▶ YOUR GOAL: For the full listing below, write out each entry exactly and exclude the images.

--- START ---

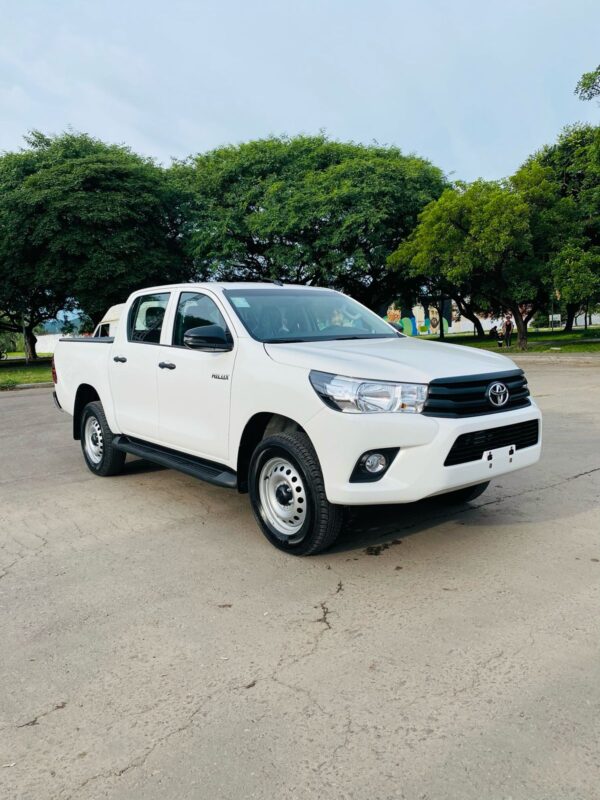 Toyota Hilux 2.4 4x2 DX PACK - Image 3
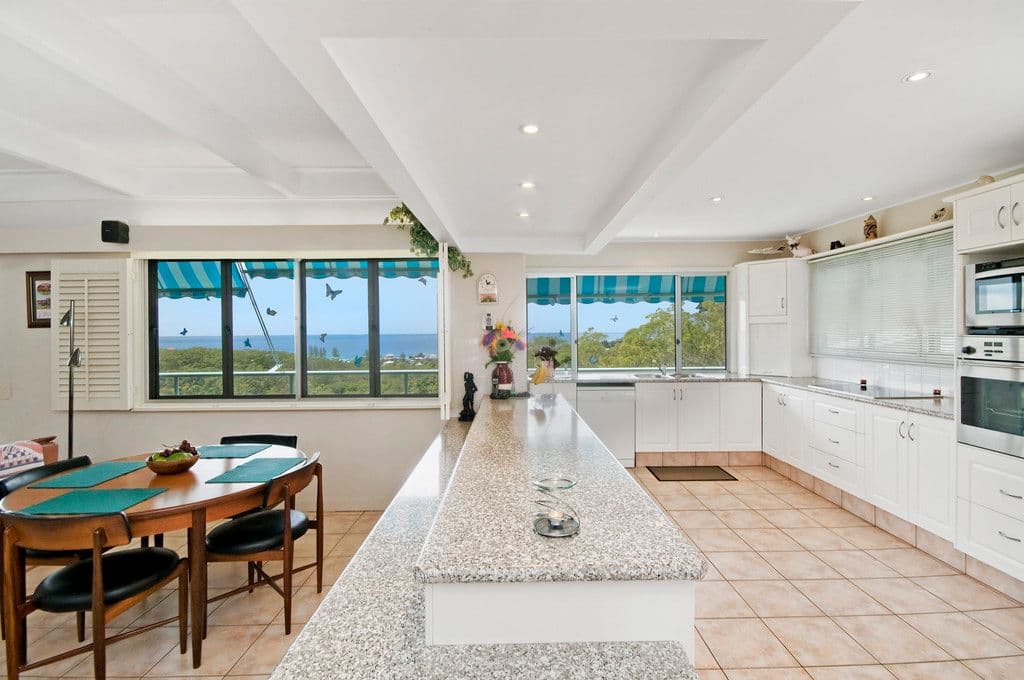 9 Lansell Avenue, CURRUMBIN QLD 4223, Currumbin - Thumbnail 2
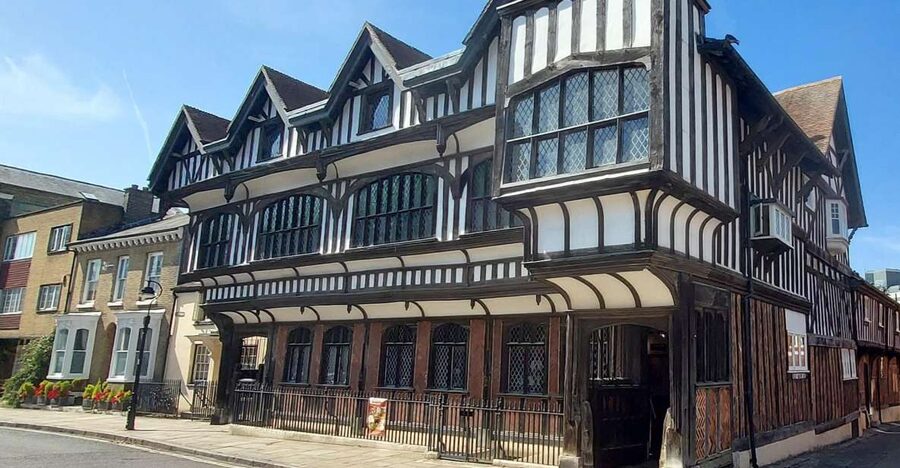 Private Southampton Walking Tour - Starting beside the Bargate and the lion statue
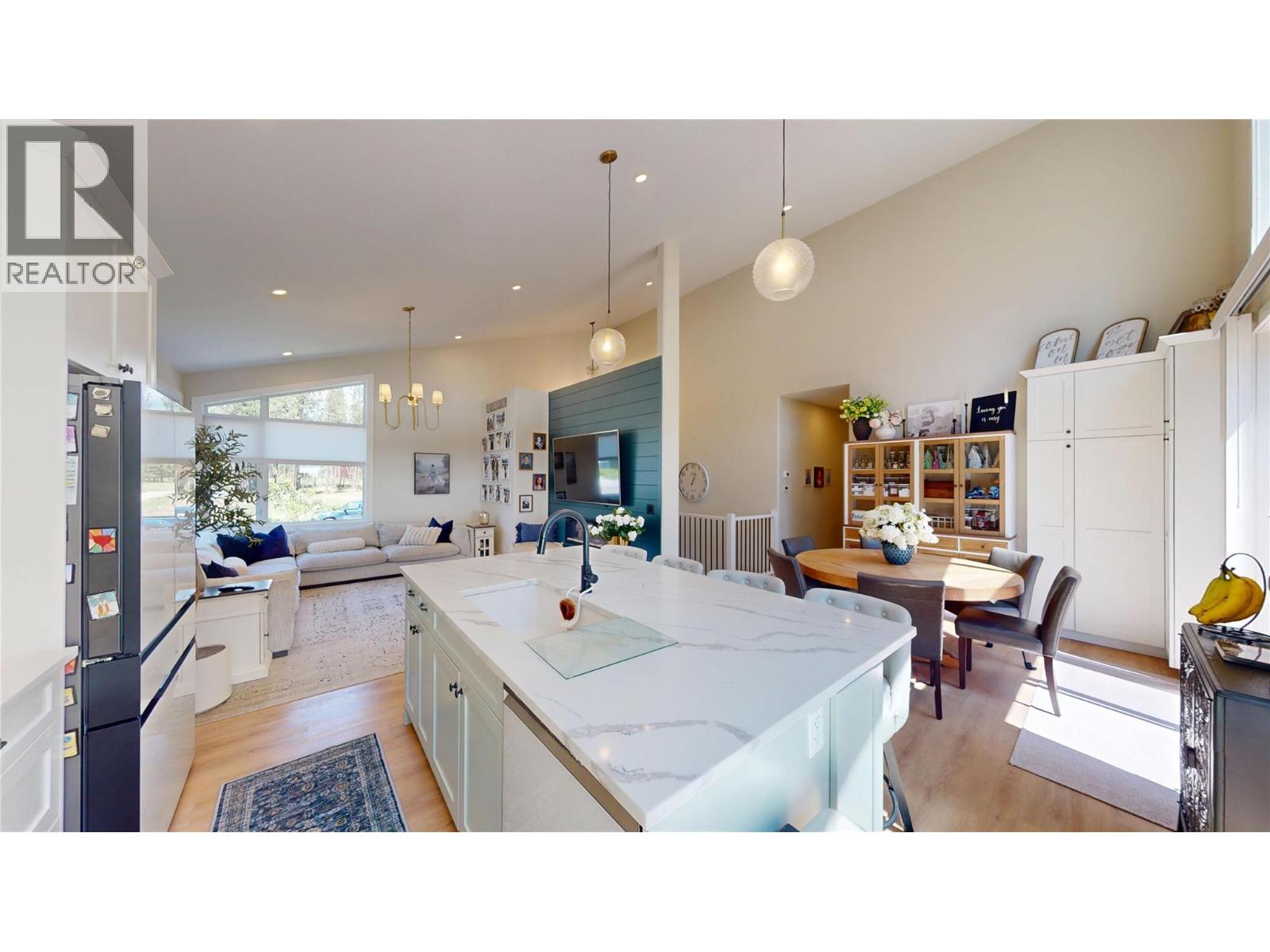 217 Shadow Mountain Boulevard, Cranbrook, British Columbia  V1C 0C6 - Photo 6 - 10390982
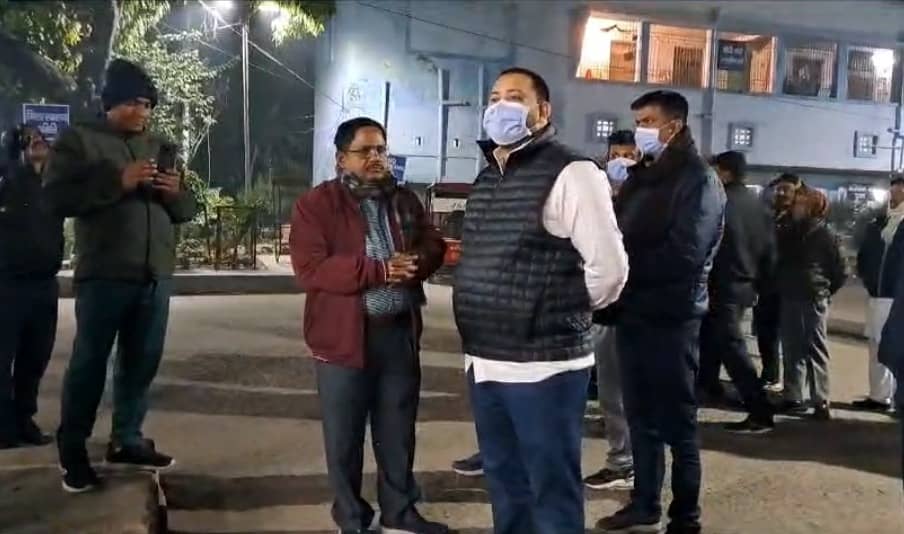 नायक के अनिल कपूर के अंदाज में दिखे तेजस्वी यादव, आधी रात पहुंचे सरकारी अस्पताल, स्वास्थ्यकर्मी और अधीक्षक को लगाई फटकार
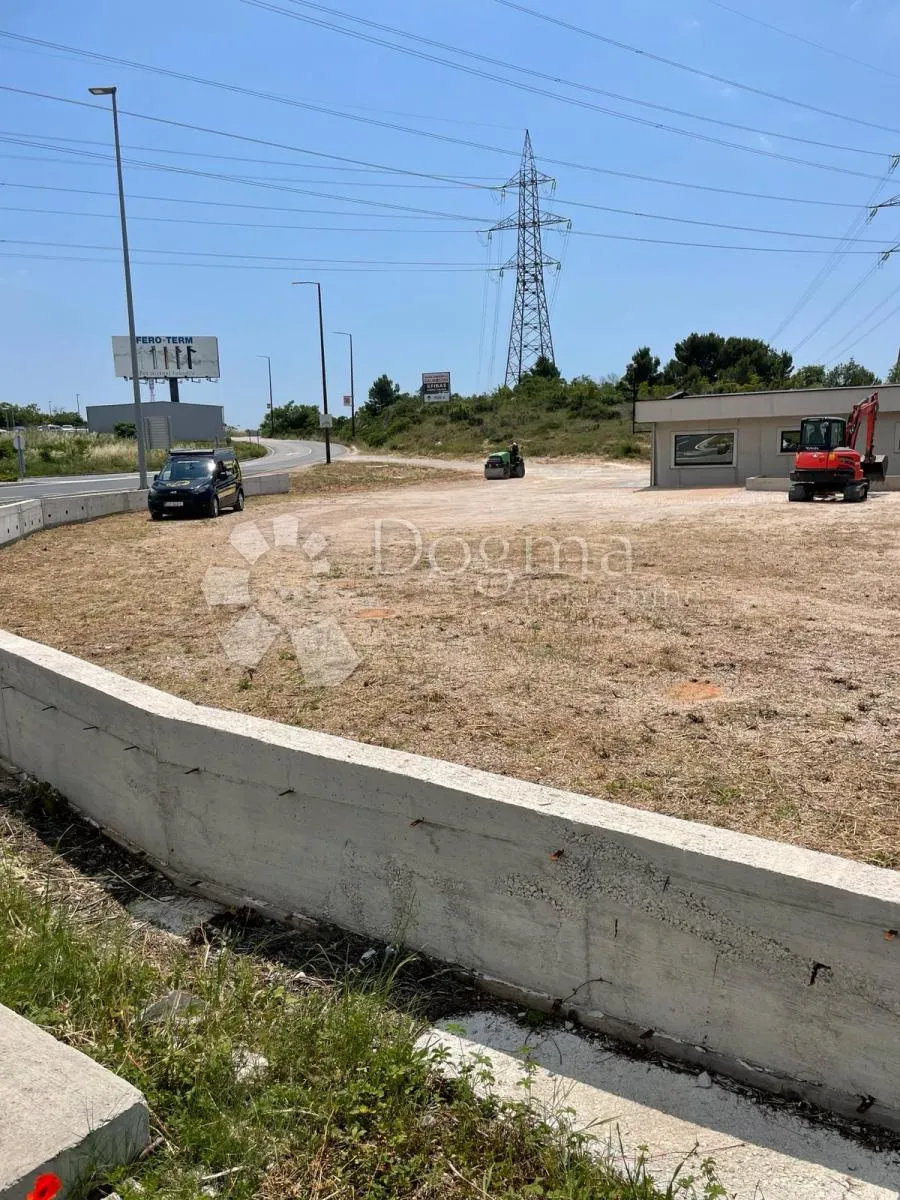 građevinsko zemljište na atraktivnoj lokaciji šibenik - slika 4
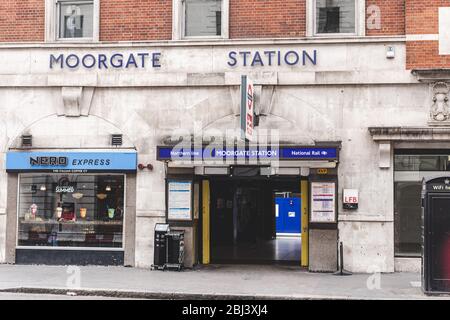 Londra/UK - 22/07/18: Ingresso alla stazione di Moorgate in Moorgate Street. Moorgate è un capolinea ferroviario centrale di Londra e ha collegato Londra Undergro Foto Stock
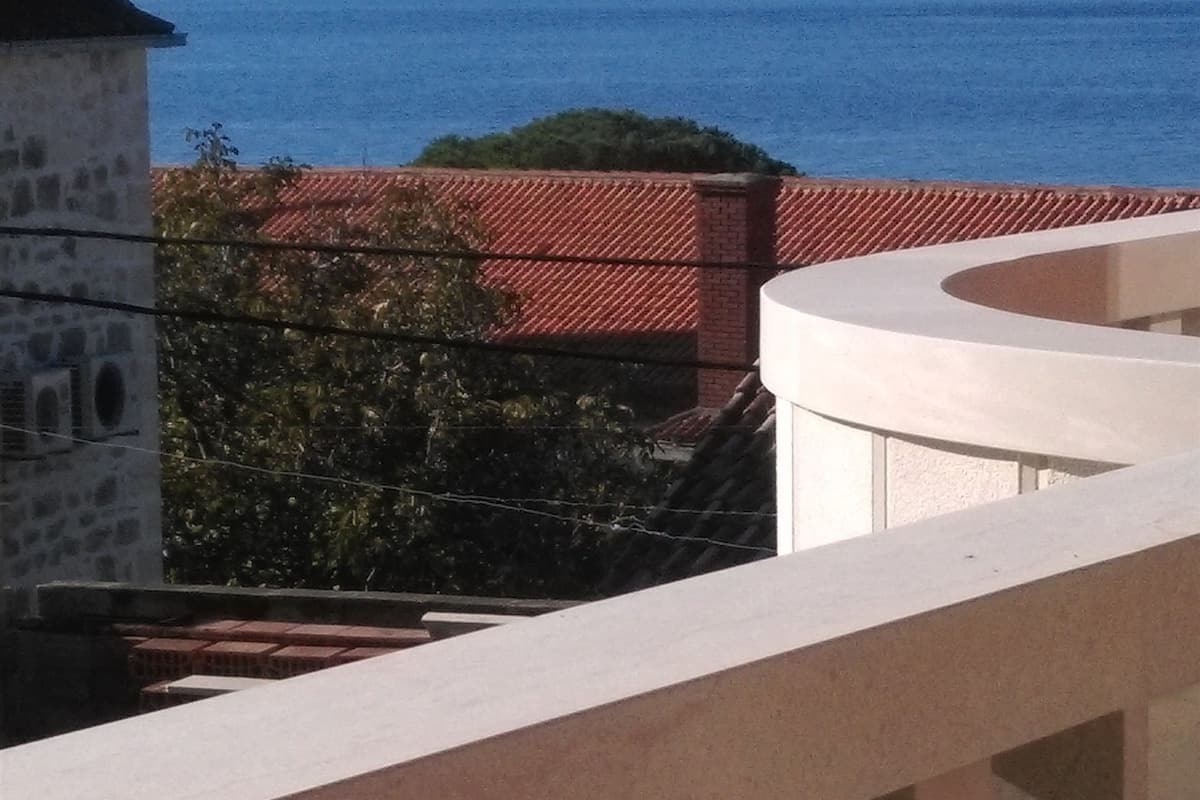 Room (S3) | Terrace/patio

--- END ---

▶ ANSWER FOR THIS EXERCISE:
 Toyota Hilux 2.4 4x2 DX PACK - Image 3
 9 Lansell Avenue, CURRUMBIN QLD 4223, Currumbin - Thumbnail 2
 Private Southampton Walking Tour - Starting beside the Bargate and the lion statue
 217 Shadow Mountain Boulevard, Cranbrook, British Columbia  V1C 0C6 - Photo 6 - 10390982
 नायक के अनिल कपूर के अंदाज में दिखे तेजस्वी यादव, आधी रात पहुंचे सरकारी अस्पताल, स्वास्थ्यकर्मी और अधीक्षक को लगाई फटकार
 građevinsko zemljište na atraktivnoj lokaciji šibenik - slika 4
 Londra/UK - 22/07/18: Ingresso alla stazione di Moorgate in Moorgate Street. Moorgate è un capolinea ferroviario centrale di Londra e ha collegato Londra Undergro Foto Stock
 Room (S3) | Terrace/patio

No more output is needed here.